The court also determined that to grant this would not be an absuse of discretion. While it was true that Zullo did cite his rehabilitation as a reason for release, the court noted that “Zullo’s age at the time of his crime and the sentencing court’s statements about the injustice of his lengthy sentence might perhaps weigh in favor of a sentence reduction. Indeed, Congress seemingly contemplated that courts might consider such circumstances when it passed the original compassionate release statute in 1984.” Further these arguments may also interact with the present coronavirus pandemic.

The Second Circuit VACATED the district court’s decision and remanded for further proceedings.


So the impact here is that because the Second Circuit has indicated that 1B1.13 Application Note 1D only applies when the BOP is filing a motion, that means that in the Second Circuit that a person is not constrained to what is in application note 1(D). Many district courts have already decided this (Ukrevich, Maumau, etc) but this is the first time that an appellate court has decided it.

To my knowledge, this is the first appellate court to reject the government’s “substantive vs procedural” arguments. Which is fine with me because I did not find that persuasive when I was listening to the oral arguments in “McCoy/Bryant” in the 4th.

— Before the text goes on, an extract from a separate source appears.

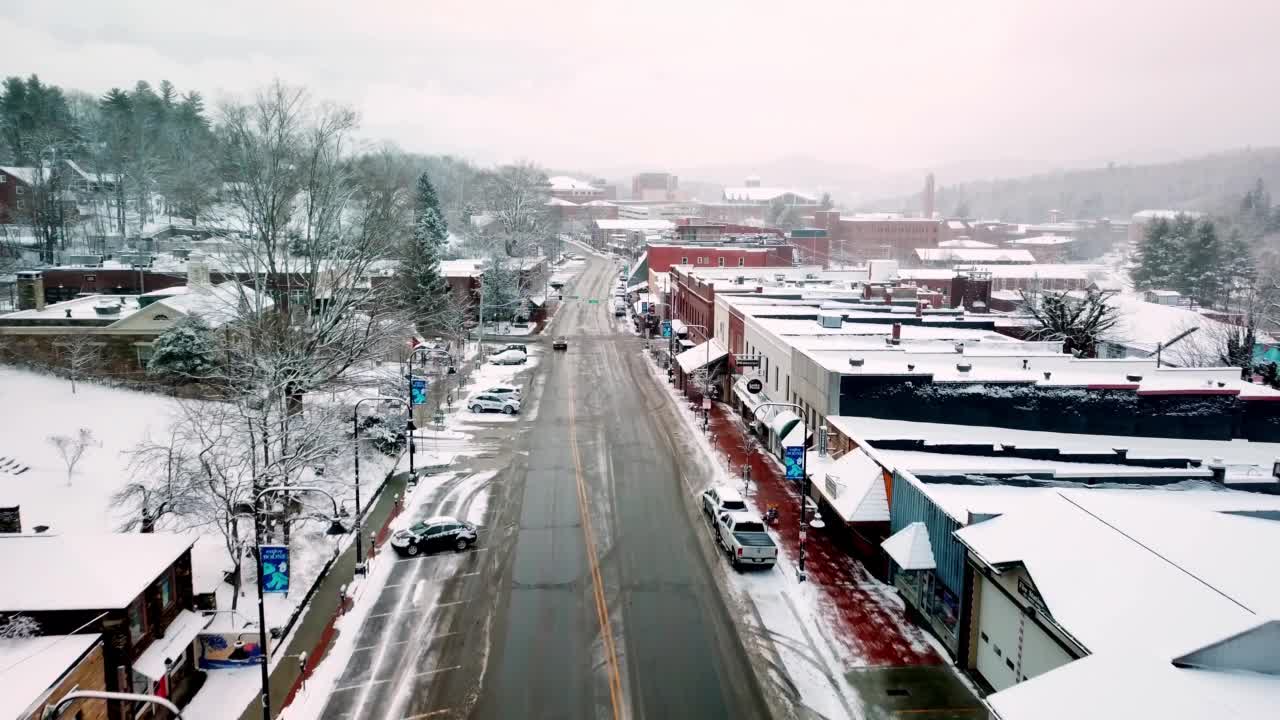 北卡罗莱纳州北卡罗来纳州，地上的雪视频素材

If you are in the Second Circuit (NY, Vermont, Conn) and the government is making these types of arguments then your reply brief should immediately reference this case. I would even consider a notice for supplemental authority if you can do it. This case is mandatory authority there. This case does NOT mean that everyone wins their compassionate release in the second circuit, it only means that the court can make a determination as to compassionate release there even if the BOP did not file the motion on your behalf. You still have to meet the rest of the considerations (extraordinary and compelling circumstances, not a danger to the community, 3553(a) factors).

If you’re in a place like the 4th then this case can be persuasive authority until McCoy/Bryant is ruled on (hopefully in favor of the incarcerated people).

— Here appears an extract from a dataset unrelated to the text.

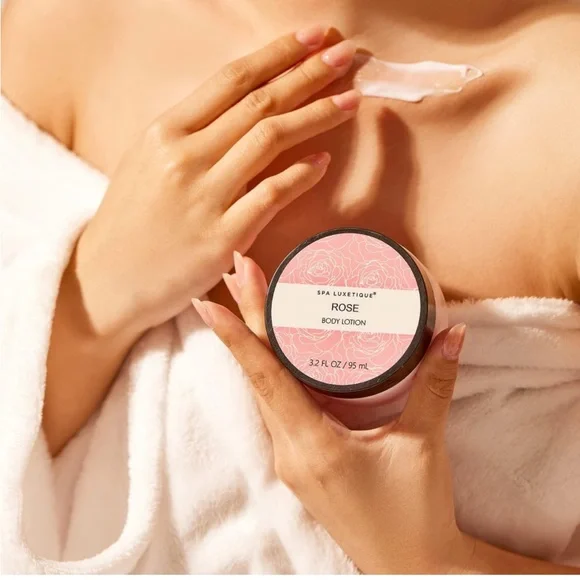 NWT Spa Luxetique Rose Gift Set - Picture 3 of 7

Will the prosecutors appeal this decision? Maybe? I could see this going at least to an en banc court, maybe to the Supremes. This case potentially has a big impact. The prosecutors took Dimaya and Davis all the way up even after Johnson was decided. Expect no quarter from them.

Should you file a second motion on your case if you were denied a compassionate release in the past? It depends on why your court denied you. If your court denied you ONLY for this reason then you could use the case law here to make an argument. If the judge also stated tat your 3553(a) factors made you unsuitable then that is a different matter.